Our family would LOVE to go!!! Is this still available?


----------



## SueDonJ (Feb 28, 2021)

mike2200 said:


> View?
> And what does HZAA MEAN (sorry)
> 
> 
> Sent from my iPad using Tapatalk





flexible said:


> Marriott’s code can tell you the and building. Call Ko olina directly and ask them.



HZZAA is an II-generated code that confirms the unit/view type of a deposited Marriott interval. This rental was reported because of it being an obvious exchange rental, so here's a reminder from this LMR forum's rules:

_>>*IMPORTANT*: Major exchange company rules prohibit the rental of time deposited with them or of exchanged weeks, bonus weeks, etc., obtained through them.

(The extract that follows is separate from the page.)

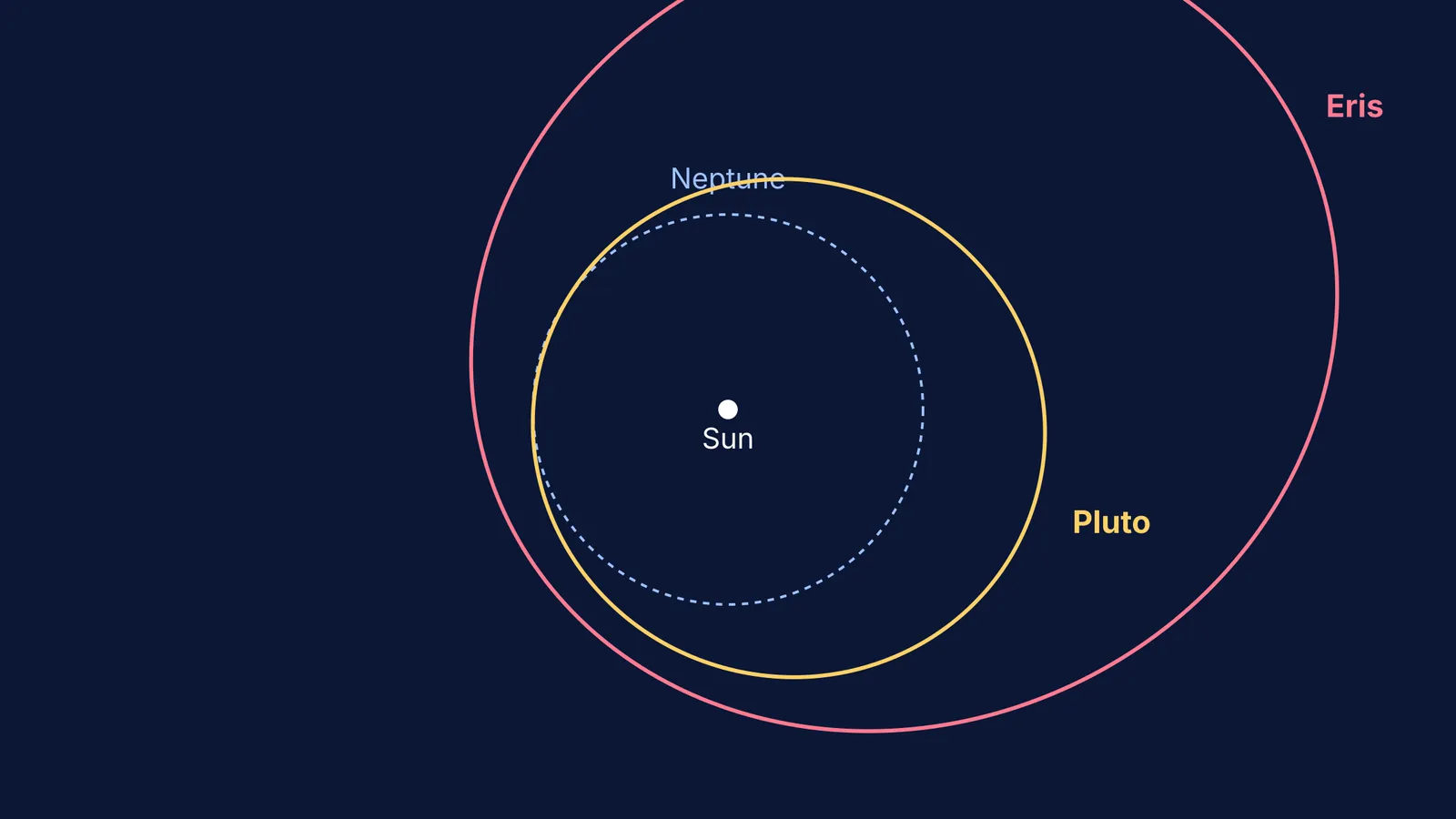 Diagram comparing the elliptical orbits of Pluto and Eris to Neptune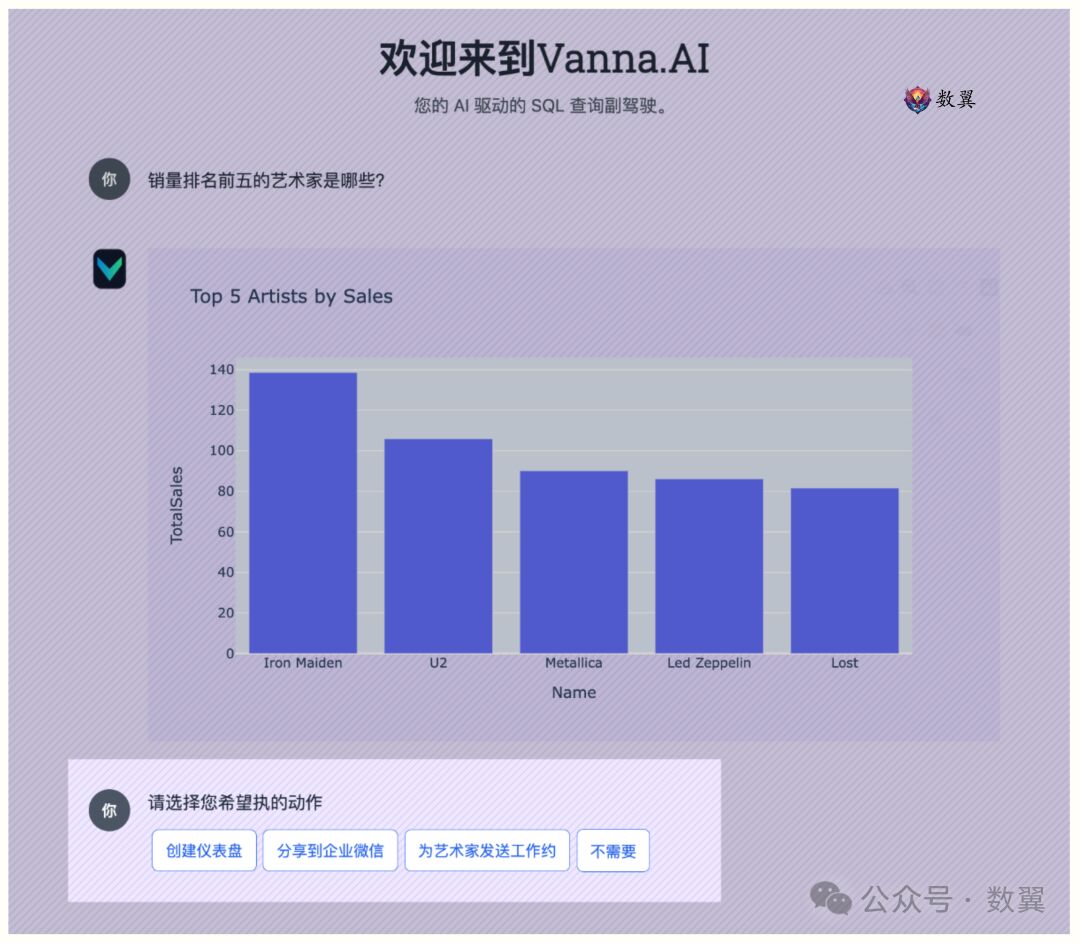 SQL生成新思路：函数 RAG 和智能工具扩展 配图 3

Further, exchange companies have been known to take disciplinary action against violators of their rules when discovered via online sources such as this one. There have been cases reported of renters showing up at the resort and finding that the reservation has been canceled when the exchange company learned of a transaction violating their policies. While we are not in a position to enforce exchange company policies for them, *we discourage such rental offers on this board, and caution users of this practice*.<<

Also, note that in this thread - __Marriott Vacation Club week booked__ - this OP learned about the II rules and yet, still chose to post an exchange rental without warning any takers._


----------



## AKC3333 (Mar 1, 2021)

SueDonJ said:


> HZZAA is an II-generated code that confirms the unit/view type of a deposited Marriott interval. This rental was reported because of it being an obvious exchange rental, so here's a reminder from this LMR forum's rules:
> 
> _>>*IMPORTANT*: Major exchange company rules prohibit the rental of time deposited with them or of exchanged weeks, bonus weeks, etc., obtained through them. Further, exchange companies have been known to take disciplinary action against violators of their rules when discovered via online sources such as this one. There have been cases reported of renters showing up at the resort and finding that the reservation has been canceled when the exchange company learned of a transaction violating their policies. While we are not in a position to enforce exchange company policies for them, *we discourage such rental offers on this board, and caution users of this practice*.<<
> 
> Also, note that in this thread - __Marriott Vacation Club week booked__ - this OP learned about the II rules and yet, still chose to post an exchange rental without warning any takers._


Incorrect, the OP posted here before learning about the rules, you are welcome to take the post down. Thank you.


----------



## AKC3333 (Mar 4, 2021)

Update: I just used one of my e-trades to book some crappy resort in Sept just to open up my viewing calendar to search up to Nov. I'm hoping I can use another e-trade to book a nicer resort in Hawaii during the summertime when I can travel. I cannot wait to use my last week and end this timeshare circus and go back to booking regular hotels/trips through Expedia.

PS life tip: if you are in your 20's-30's and an elderly family member wants to gift you a timeshare, DO NOT ACCEPT, DO NOT PASS GO, DANGER DANGER. Best way I can describe the experience...It's like accepting a rotary phone as a gift when cell phones exist.


----------